BEGIN Records for this task
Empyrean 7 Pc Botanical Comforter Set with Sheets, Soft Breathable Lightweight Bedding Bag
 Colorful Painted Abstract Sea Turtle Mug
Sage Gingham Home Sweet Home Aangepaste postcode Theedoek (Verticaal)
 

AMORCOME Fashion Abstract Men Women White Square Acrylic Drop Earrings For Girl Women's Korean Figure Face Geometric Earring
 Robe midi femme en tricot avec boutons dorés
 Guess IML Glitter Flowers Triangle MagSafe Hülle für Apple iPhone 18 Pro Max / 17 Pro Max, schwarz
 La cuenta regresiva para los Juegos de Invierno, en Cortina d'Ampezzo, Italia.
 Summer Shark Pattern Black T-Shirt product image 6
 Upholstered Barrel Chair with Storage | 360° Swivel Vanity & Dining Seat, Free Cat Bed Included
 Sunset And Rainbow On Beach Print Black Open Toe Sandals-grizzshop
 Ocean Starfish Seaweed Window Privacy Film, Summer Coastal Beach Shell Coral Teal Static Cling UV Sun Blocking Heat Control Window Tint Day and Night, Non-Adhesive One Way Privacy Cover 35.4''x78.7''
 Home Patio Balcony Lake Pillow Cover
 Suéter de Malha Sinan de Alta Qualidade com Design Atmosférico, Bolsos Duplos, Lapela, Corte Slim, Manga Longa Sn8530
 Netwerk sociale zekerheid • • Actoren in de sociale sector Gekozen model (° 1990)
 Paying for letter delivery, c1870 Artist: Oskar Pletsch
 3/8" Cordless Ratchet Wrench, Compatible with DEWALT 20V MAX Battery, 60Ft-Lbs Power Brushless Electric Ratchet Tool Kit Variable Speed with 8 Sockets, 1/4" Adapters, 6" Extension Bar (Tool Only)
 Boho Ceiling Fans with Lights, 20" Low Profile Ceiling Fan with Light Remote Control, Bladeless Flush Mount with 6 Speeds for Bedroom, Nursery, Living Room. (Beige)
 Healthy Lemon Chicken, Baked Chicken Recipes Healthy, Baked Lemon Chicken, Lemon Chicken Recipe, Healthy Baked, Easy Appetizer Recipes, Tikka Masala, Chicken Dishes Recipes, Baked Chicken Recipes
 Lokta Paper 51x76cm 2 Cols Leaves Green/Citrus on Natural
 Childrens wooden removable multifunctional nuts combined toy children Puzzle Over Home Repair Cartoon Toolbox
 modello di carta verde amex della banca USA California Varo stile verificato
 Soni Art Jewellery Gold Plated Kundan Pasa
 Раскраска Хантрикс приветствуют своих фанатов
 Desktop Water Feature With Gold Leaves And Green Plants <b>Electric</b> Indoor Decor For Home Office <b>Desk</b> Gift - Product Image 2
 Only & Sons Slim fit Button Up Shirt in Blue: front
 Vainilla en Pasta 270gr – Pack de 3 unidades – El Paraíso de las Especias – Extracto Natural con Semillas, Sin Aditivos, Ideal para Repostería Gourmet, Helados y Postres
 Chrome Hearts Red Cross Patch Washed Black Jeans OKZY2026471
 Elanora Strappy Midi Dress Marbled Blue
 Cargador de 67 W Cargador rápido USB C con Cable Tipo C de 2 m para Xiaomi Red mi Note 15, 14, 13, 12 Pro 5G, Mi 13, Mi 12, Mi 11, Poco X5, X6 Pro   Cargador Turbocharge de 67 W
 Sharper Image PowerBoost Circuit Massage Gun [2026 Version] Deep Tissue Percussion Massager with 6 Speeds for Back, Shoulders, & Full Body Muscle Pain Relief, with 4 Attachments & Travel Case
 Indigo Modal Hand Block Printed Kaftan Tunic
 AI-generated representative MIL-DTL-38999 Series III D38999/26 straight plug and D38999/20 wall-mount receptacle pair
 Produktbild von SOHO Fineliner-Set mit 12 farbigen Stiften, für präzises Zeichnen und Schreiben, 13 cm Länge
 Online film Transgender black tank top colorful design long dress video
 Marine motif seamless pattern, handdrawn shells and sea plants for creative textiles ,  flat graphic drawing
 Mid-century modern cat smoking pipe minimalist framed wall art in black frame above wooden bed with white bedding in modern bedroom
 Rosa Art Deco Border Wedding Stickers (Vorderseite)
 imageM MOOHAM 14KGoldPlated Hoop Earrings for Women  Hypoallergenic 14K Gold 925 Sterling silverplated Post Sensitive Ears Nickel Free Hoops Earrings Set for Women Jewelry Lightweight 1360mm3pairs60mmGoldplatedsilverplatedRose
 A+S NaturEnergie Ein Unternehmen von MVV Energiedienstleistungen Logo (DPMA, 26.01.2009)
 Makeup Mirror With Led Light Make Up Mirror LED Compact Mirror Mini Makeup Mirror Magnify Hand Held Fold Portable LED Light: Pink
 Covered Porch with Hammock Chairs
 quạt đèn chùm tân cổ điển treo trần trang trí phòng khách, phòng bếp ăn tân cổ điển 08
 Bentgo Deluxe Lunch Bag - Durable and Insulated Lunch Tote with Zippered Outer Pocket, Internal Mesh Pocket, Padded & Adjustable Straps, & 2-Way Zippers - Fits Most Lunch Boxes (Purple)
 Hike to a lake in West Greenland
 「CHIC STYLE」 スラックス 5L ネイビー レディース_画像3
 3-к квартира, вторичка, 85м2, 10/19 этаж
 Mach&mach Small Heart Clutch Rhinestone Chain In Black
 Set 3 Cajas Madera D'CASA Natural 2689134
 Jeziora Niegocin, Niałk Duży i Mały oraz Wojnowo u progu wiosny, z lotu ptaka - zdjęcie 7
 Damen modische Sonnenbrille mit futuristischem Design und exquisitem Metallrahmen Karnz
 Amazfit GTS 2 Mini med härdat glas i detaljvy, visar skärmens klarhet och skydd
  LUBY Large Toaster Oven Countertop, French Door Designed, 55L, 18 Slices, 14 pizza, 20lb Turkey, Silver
END Records for this task
Problem statement: Look above for the line with "Sunset And Rainbow" and the line with "Netwerk sociale zekerheid"; transcribe both and all lines in between, exactly, and nothing else.

Answer to this task:
 Sunset And Rainbow On Beach Print Black Open Toe Sandals-grizzshop
 Ocean Starfish Seaweed Window Privacy Film, Summer Coastal Beach Shell Coral Teal Static Cling UV Sun Blocking Heat Control Window Tint Day and Night, Non-Adhesive One Way Privacy Cover 35.4''x78.7''
 Home Patio Balcony Lake Pillow Cover
 Suéter de Malha Sinan de Alta Qualidade com Design Atmosférico, Bolsos Duplos, Lapela, Corte Slim, Manga Longa Sn8530
 Netwerk sociale zekerheid • • Actoren in de sociale sector Gekozen model (° 1990)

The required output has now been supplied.